Georgian politician and lawyer

Samson Platonis dze Dadiani (სამსონ პლატონის ძე დადიანი; December 23, 1886 – December 11, 1937) was a Georgian politician, lawyer, and publicist. A member of the Georgian Socialist-Federalist Revolutionary Party, he had a tense relationship with the Russian Imperial authorities. In 1917, he was elected to the National Council of Georgia, which presided over the declaration of independence from Russia. After the Democratic Republic of Georgia achieved its independence in 1918, Dadiani was elected to the new Georgian Parliament. He played a significant role in shaping the first Constitution of Georgia.
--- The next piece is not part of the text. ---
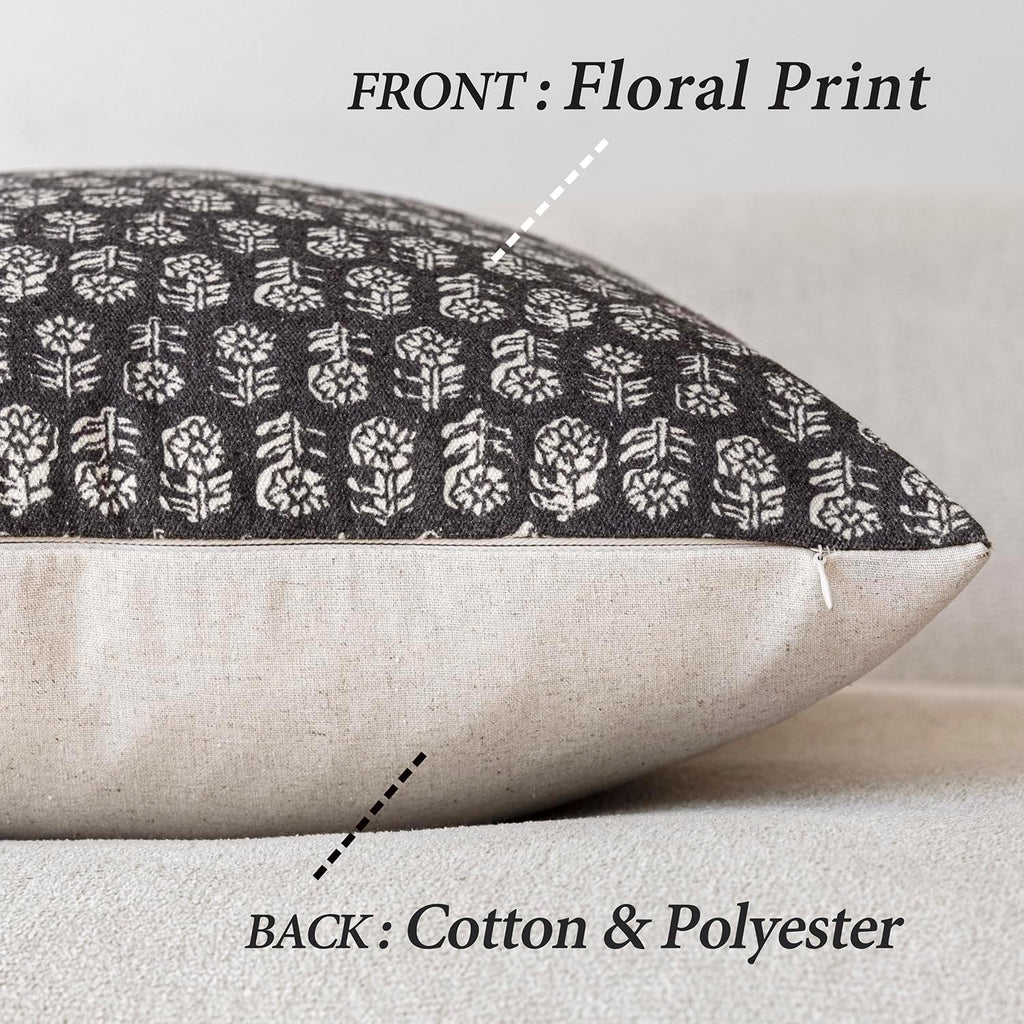 Foindtower Set of 2 Decorative Neutral Floral Print Throw Pillow Covers Vintage Accent Farmhouse Cushion Covers Boho Home Decor for Sofa…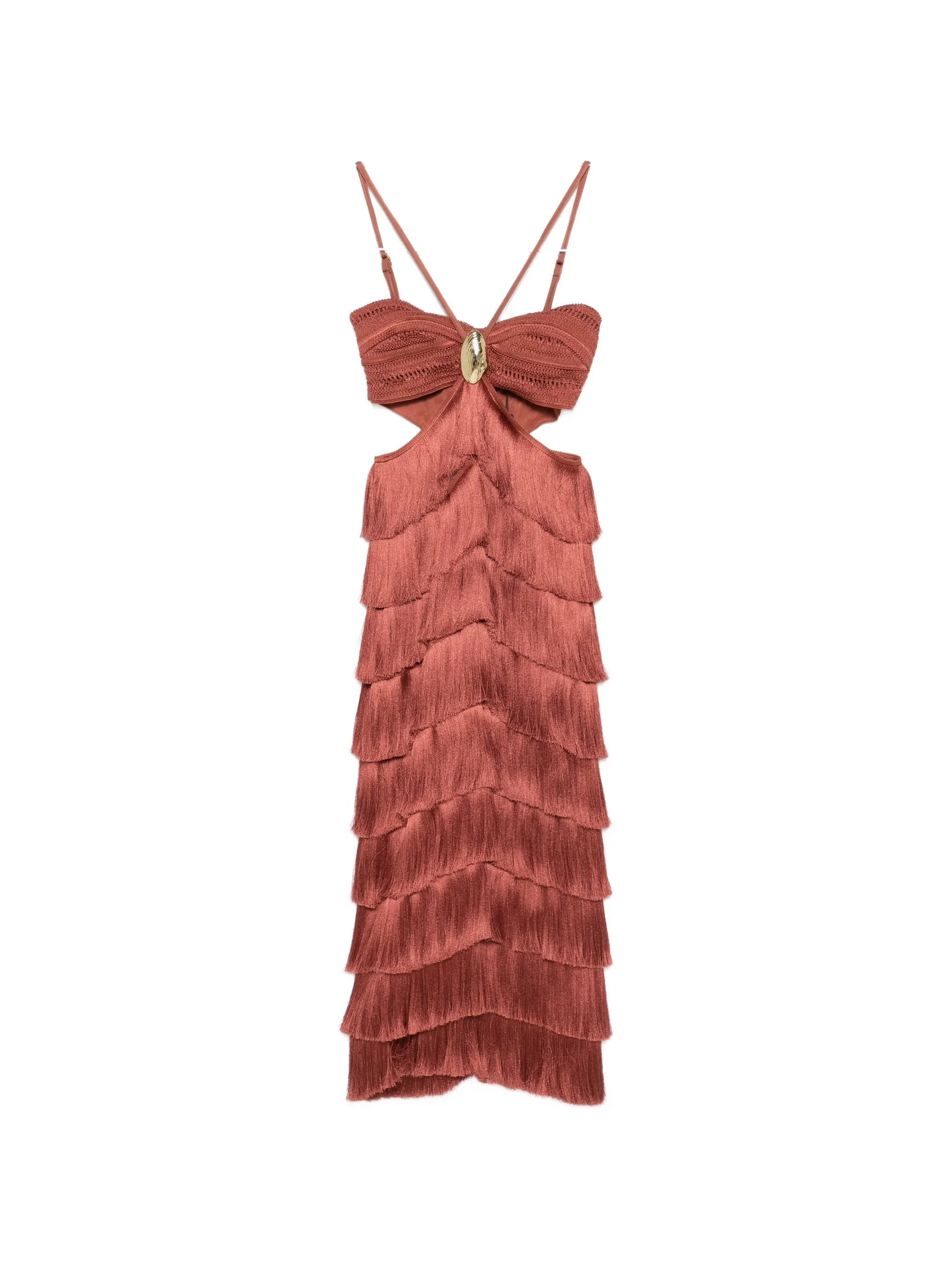 Patbo X Camila Coelho Amethyst Fringed Midi Dress - 1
Following the Red Army invasion of Georgia and the establishment of Soviet rule, Dadiani was persecuted by the new regime as well. Being a moderate politician, he was not in favor of armed rebellions, such as the August Uprising. However, he remained outspoken and his participation in the pro-independence committee made him an object of continued suspicion from the regime. He was also part of the defense team for Patriarch Ambrosius of Georgia during the highly publicized show trials. After years of friction with the Soviet authorities and multiple arrests, Dadiani was finally swept up in the Great Purge of 1937 and executed.

== Biography ==
Samson Dadiani was born to Georgian parents, Platon Dadiani and Salome Pagava, in the village of Modinakhe, located in the Zugdidi district of western Georgia. He graduated from the Georgian Gymnasium in Tbilisi before pursuing higher legal education at Saint Petersburg Imperial University, which he completed in 1908. During the 1905 Revolution, his father, Platon Dadiani, was killed by peasants after troops suppressing the rebellion were stationed on their estate.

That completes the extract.